The first three (definitely not the last one), came from a question Hilary fielded on her popular podcast series. Basically, the toss-up was – what is more relevant to doing a project – Return On Cost or Internal Rate Of Return? I threw in an extra one to add to the ‘confusion’ – Return On Equity. Bearing in mind the wide range of experience our readers possess, I’ll start with what they are in layman’s terms.

ROC – return on costs – is obtained when you express your profit as a percentage of total development costs. So, making $200,000 profit from a total development cost of $1,000,000 would produce a 20% ROC. ROC is sometimes referred to as MOC (margin on cost) or developer’s margin.
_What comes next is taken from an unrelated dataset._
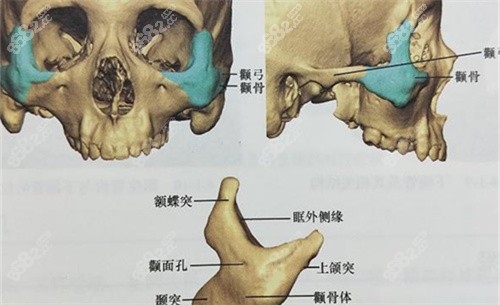 顴骨顴弓位置展示圖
On a small townhouse project, a commercial financier might be looking for 18% – 20%.

ROE – return on equity – is your profit expressed as a percentage of the equity you put into the project. So, if you put in $400,000 equity and you made $300,000 profit your ROE is 75%. It has no relationship to time ie. how long the project took to make the $300,000 profit. Depending on the lending ratio of the financier, the range would typically be 60% – 80%.

IRR – internal rate of return – measures the return on equity, expressed as a percentage, taking into account the time value of money (TVM) – no, not another acronym. It makes sense that if you were looking at two projects with similar ROC’s and one took one year and another two years, you would go for the quicker one. On a small townhouse project, a commercial financier might be looking for 20% – 30%.

Some feasibility programs calculate these performance indicators for you, so it is easy to compare. Commercial financiers look at ROC as a standard measure of the performance of a project, but they also have a peek at the IRR.

I just had a look at a 6-townhouse feasibility I did this week. The ROC was 19.9%, the ROE was 67% and the IRR was 31%. It’s a deal. Of course,  to get that far I had to know the GRV and calculate the TDC taking into account the financier’s LVR and not forgetting the GST. I’m off to have two Panadol.